### ACTIVITY:
Only the pictures are to be left out; write out the rest of the data exactly.
[Start of Attachment]
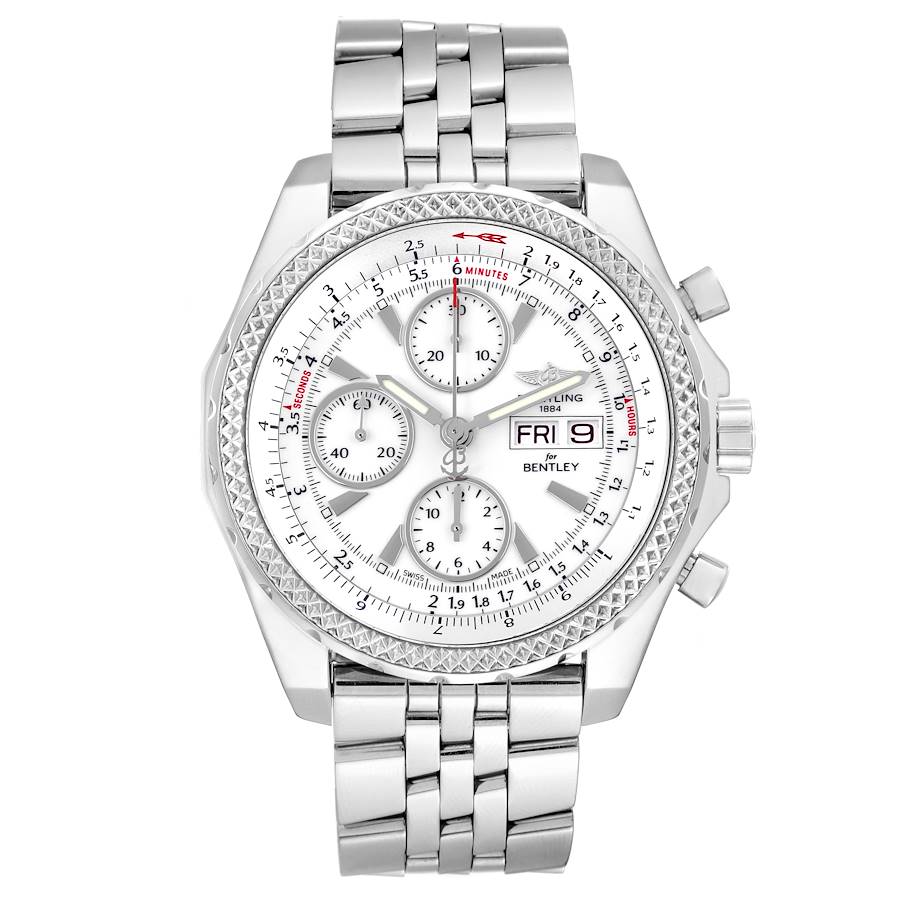 Breitling Bentley Motors GT Chrono White Dial Steel Mens Watch A13362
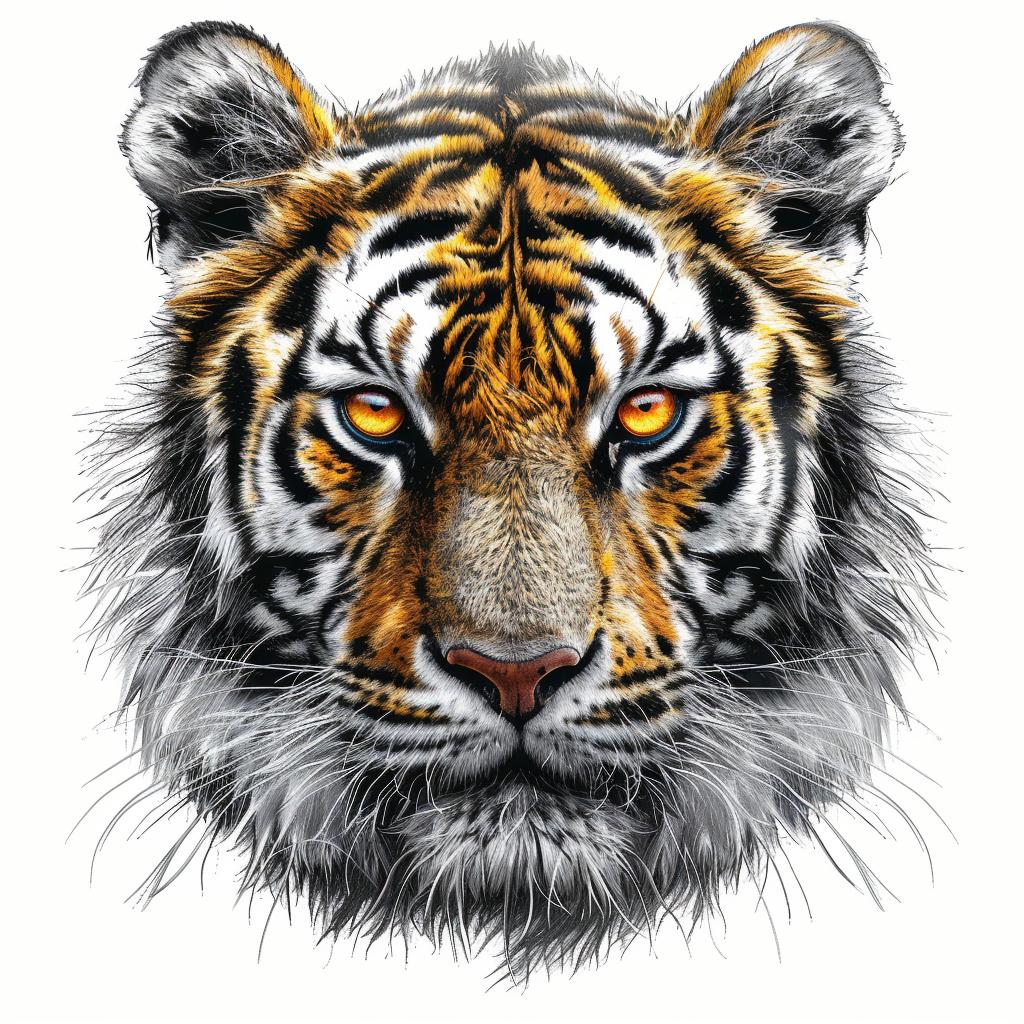 tiger  head  sticker  ecstatic  warm  realistic  3D  vector  detailed  illustration 971943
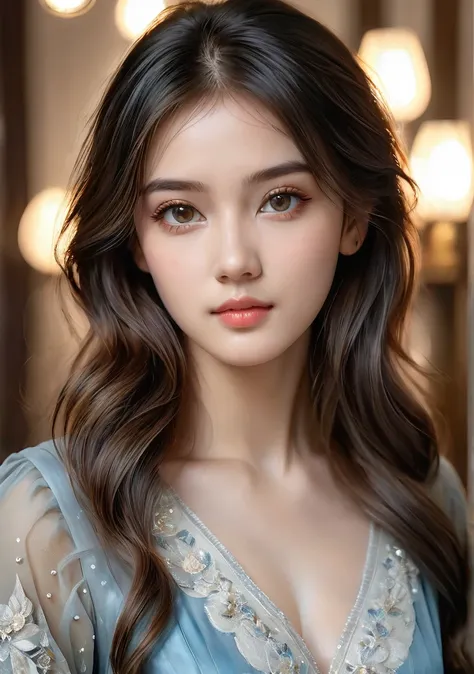 A beautiful girl in an elegant portrait, flowing paint washes, detailed face, photographic style, (best quality,4k,8k,highres,masterpiece:1.2),ultra-detailed,(realistic,photorealistic,photo-realistic:1.37),HDR,UHD,studio lighting,ultra-fine painting,sharp ...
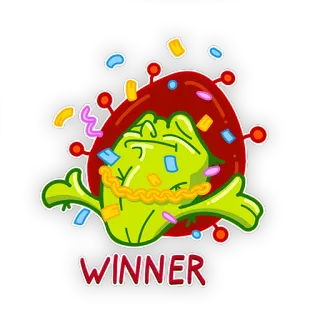 💰 80c29224 WINNER 赢家, 庆祝, 派对, 彩带, 卡通 telegram sticker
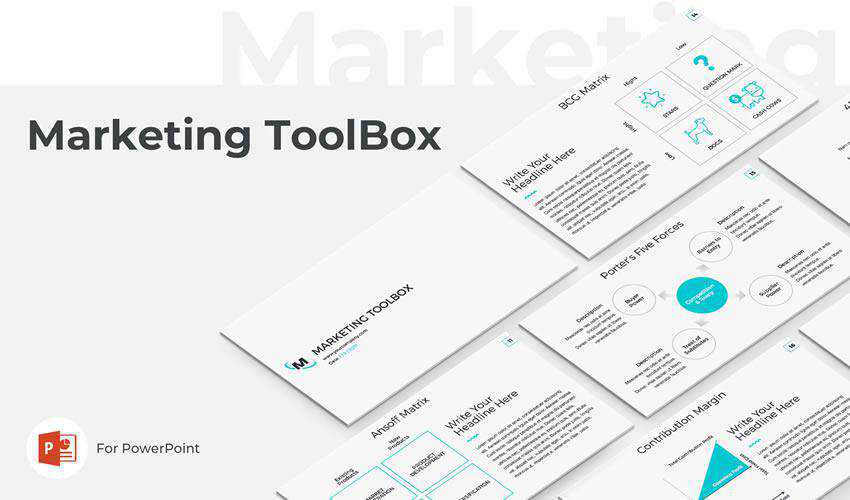 Modèle de présentation commerciale powerpoint de la boîte à outils marketing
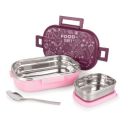 Attro Food Time Stainless Steel Lunch Box, Airtight & Leak Proof - 2 Containers with Spoon (Big 750 Ml & Small 250 Ml) - Purple & Pink...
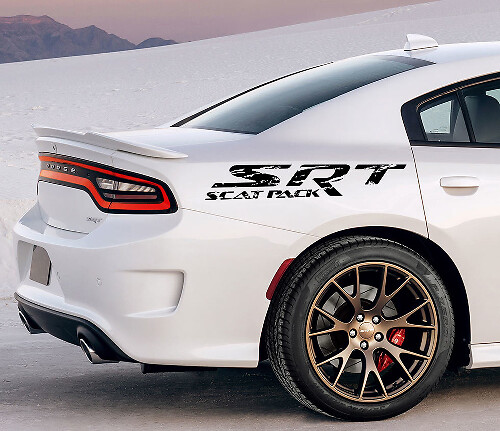 Autocollants vinyle latéraux style usé SRT Scat Pack pour Dodge Charger Challenger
[End of Attachment]
### TASK SOLUTION:
 Breitling Bentley Motors GT Chrono White Dial Steel Mens Watch A13362
 tiger  head  sticker  ecstatic  warm  realistic  3D  vector  detailed  illustration 971943
 A beautiful girl in an elegant portrait, flowing paint washes, detailed face, photographic style, (best quality,4k,8k,highres,masterpiece:1.2),ultra-detailed,(realistic,photorealistic,photo-realistic:1.37),HDR,UHD,studio lighting,ultra-fine painting,sharp ...
 💰 80c29224 WINNER 赢家, 庆祝, 派对, 彩带, 卡通 telegram sticker
 Modèle de présentation commerciale powerpoint de la boîte à outils marketing
 Attro Food Time Stainless Steel Lunch Box, Airtight & Leak Proof - 2 Containers with Spoon (Big 750 Ml & Small 250 Ml) - Purple & Pink...
 Autocollants vinyle latéraux style usé SRT Scat Pack pour Dodge Charger Challenger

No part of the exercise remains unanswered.